-------- DATASET ENTRIES --------

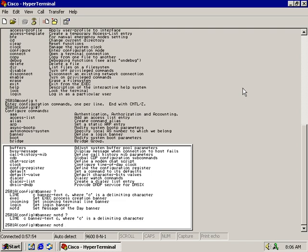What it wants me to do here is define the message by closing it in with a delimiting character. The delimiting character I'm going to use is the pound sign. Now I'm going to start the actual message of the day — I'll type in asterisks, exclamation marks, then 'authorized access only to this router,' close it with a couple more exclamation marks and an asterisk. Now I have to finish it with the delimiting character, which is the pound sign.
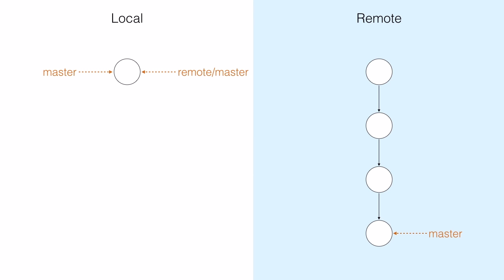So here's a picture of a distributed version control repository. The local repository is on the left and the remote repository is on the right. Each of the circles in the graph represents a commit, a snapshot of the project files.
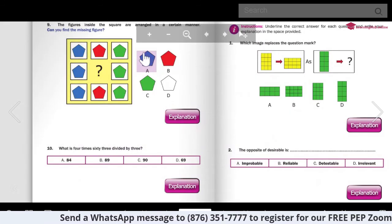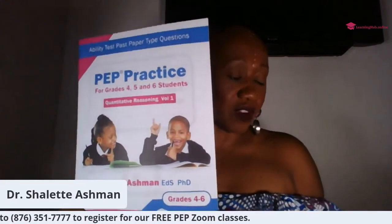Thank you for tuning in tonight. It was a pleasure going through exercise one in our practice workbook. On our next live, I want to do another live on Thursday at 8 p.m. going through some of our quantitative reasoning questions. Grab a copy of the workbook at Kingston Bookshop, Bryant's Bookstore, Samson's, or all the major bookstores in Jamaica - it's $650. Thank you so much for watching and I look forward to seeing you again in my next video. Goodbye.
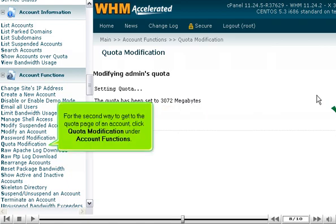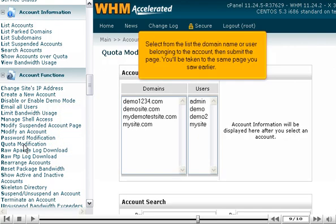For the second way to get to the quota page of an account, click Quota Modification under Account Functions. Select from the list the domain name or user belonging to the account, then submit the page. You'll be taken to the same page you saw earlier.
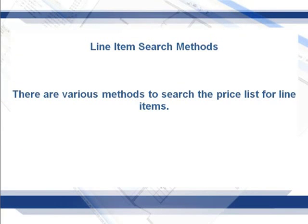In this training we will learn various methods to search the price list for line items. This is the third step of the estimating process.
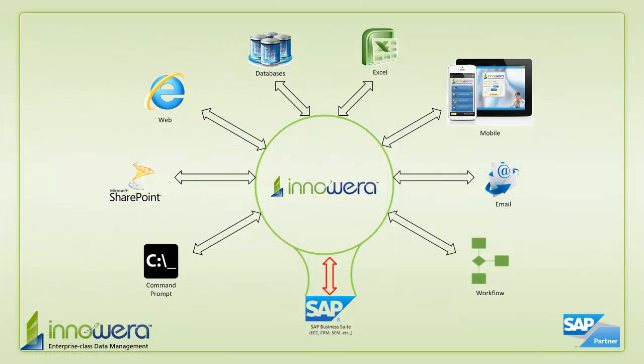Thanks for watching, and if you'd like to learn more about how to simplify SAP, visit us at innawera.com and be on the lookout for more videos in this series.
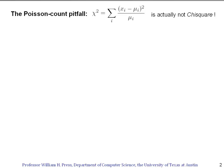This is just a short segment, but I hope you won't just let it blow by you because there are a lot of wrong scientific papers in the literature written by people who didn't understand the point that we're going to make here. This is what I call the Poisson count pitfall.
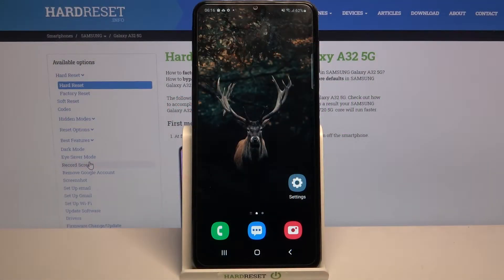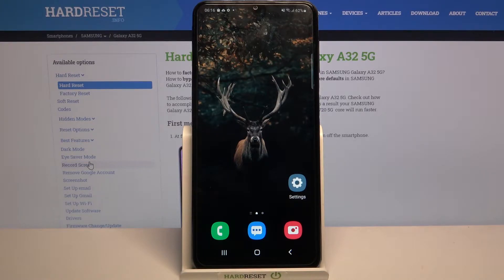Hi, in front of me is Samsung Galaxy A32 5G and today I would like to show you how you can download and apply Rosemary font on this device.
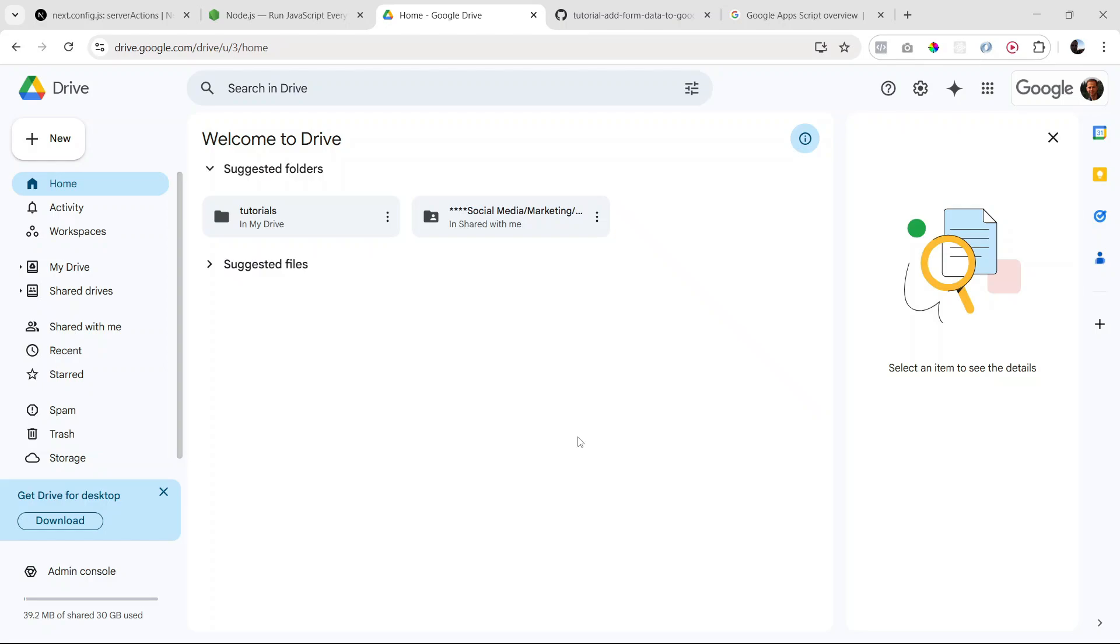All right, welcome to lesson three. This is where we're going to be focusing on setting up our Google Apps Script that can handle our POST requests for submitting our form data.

--------

=== WHAT THE TASK ASKS ===
Could you output every entry exactly as written, skipping the pictures?

=== RESPONSE TO THE EXERCISE ===
What it wants me to do here is define the message by closing it in with a delimiting character. The delimiting character I'm going to use is the pound sign. Now I'm going to start the actual message of the day — I'll type in asterisks, exclamation marks, then 'authorized access only to this router,' close it with a couple more exclamation marks and an asterisk. Now I have to finish it with the delimiting character, which is the pound sign.
So here's a picture of a distributed version control repository. The local repository is on the left and the remote repository is on the right. Each of the circles in the graph represents a commit, a snapshot of the project files.
Thank you for tuning in tonight. It was a pleasure going through exercise one in our practice workbook. On our next live, I want to do another live on Thursday at 8 p.m. going through some of our quantitative reasoning questions. Grab a copy of the workbook at Kingston Bookshop, Bryant's Bookstore, Samson's, or all the major bookstores in Jamaica - it's $650. Thank you so much for watching and I look forward to seeing you again in my next video. Goodbye.
For the second way to get to the quota page of an account, click Quota Modification under Account Functions. Select from the list the domain name or user belonging to the account, then submit the page. You'll be taken to the same page you saw earlier.
In this training we will learn various methods to search the price list for line items. This is the third step of the estimating process.
Thanks for watching, and if you'd like to learn more about how to simplify SAP, visit us at innawera.com and be on the lookout for more videos in this series.
This is just a short segment, but I hope you won't just let it blow by you because there are a lot of wrong scientific papers in the literature written by people who didn't understand the point that we're going to make here. This is what I call the Poisson count pitfall.
Hi, in front of me is Samsung Galaxy A32 5G and today I would like to show you how you can download and apply Rosemary font on this device.
All right, welcome to lesson three. This is where we're going to be focusing on setting up our Google Apps Script that can handle our POST requests for submitting our form data.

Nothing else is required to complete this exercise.